The government is set to replace a sizeable portion of the traditional less-productive banana seed varieties with new high-yield varieties after it secured support from the UN’s Food and Agriculture Organisation (FAO).
FAO is investing Rwf215 million ($250,000) in production and distribution of seeds and planting materials, which target farmers in remote high banana-producing areas of Gisagara, Muhanga, Karong i, Rwamagana and Rubavu.
The areas, which make up a large part of the country’s total banana plantation, have over the past couple of years been hit by the devastating banana bacterial wilt and fall armyworms like Kirabiranya and Kabore.
The diseases together with poor husbandry practices and limited access to best varieties left farmers with little to no income from their fields after production reduced sharply. Rwanda Today found out that efforts to avail new banana varieties to replace infected banana plantations nationwide were yet to get to many farmers.
“The government has done a lot under the banana improvement programme, but we had hoped that the momentum would continue. However, the onset of the banana bacterial wilt set us back, which is why FAO’s support is important,” said Charles Murekezi, director-general of Agriculture Development at Ministry of agriculture.

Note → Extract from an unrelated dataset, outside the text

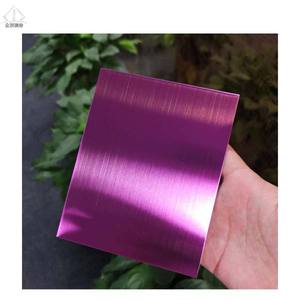 AISI 304 pembe renk paslanmaz çelik fırçalanmış kaplama sac duvar paneli - Product Image 2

According to Dr Murekezi, FAO will focus on rehabilitation and revitalisation of existing bananas farms in the selected areas, allowing the government to direct its interventions to the remaining banana growing zones of the country.

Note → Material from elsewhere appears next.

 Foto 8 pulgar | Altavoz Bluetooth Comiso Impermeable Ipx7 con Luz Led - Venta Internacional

FAO Rwanda representative Gualbert Gbehounou told Rwanda Today an assessment would be carried out to outline the size of land belonging to farmers interested in getting rid of old plantations, in order to estimate the number and amount of planting materials needed.

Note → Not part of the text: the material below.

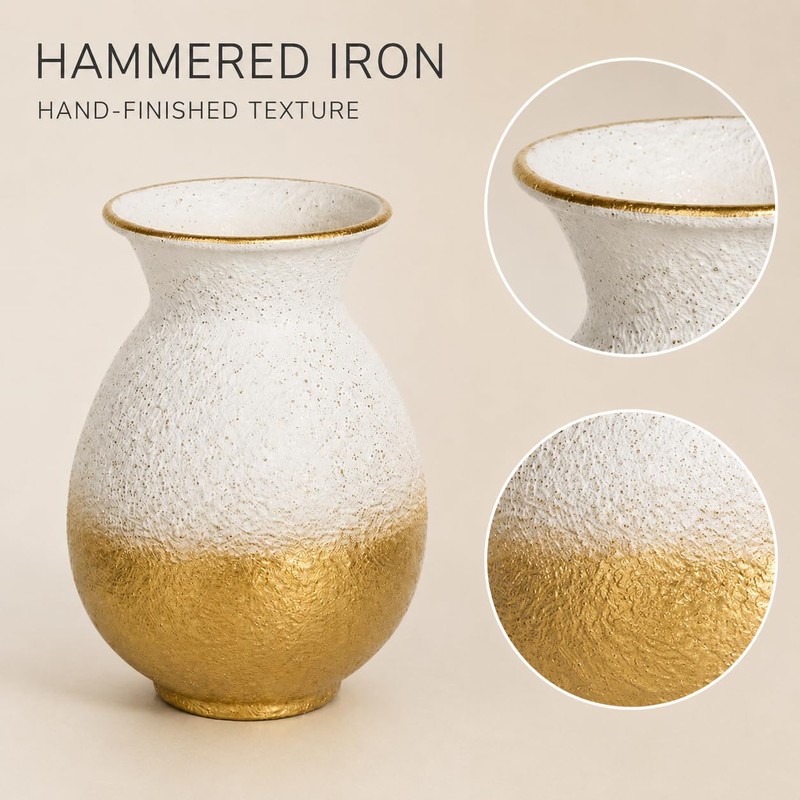 Textured Metal Vase, 7.6 x 5.1 Inch, White and Gold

He said the two-year project seeks to ensure that clean banana planting material are readily available to farmers, and continuous dissemination of knowledge and skills on integrated crop and disease management technologies alongside good husbandry practices.
“We target to distribute close to 60,000 banana planting materials by the end of the project, but the number of farmers will depend on the detailed need assessment.
We plan to approach farmers with unproductive plantations and offer them a number of high-yield clean banana varieties,” said Dr Gbehounou.
According to the agriculture ministry, there was a need to replace the old banana plantations with new banana tree varieties specifically prioritising those that are meant for commercialization as opposed to brewing or cooking bananas.
Dr Murekezi said the government had considered urging farmers to uproot banana plantations where bacterial wilt had attacked banana crops, while letting those varieties attacked by pests that are not transmitted to progressively replace their crops.
Official statistics show bananas, a crop currently covering about 1.4 million hectares of the national arable land, has increasingly evolved as one of the country’s staple food and cash crop, contributing more than a half of Rwanda’s annual agricultural production.
However, while the estimated annual produce per a hectare of banana plantation is estimated at be as high as 60 tonnes, farmers in parts of the country show that limited access to good varieties, high cost of farm inputs and disease outbreak have seen many getting as low as five to 10 tonnes per hectare annually.
The government targets to increase the productivity of banana as a staple crop under the six-year Strategic Plan for Agriculture Transformation (PSTA4).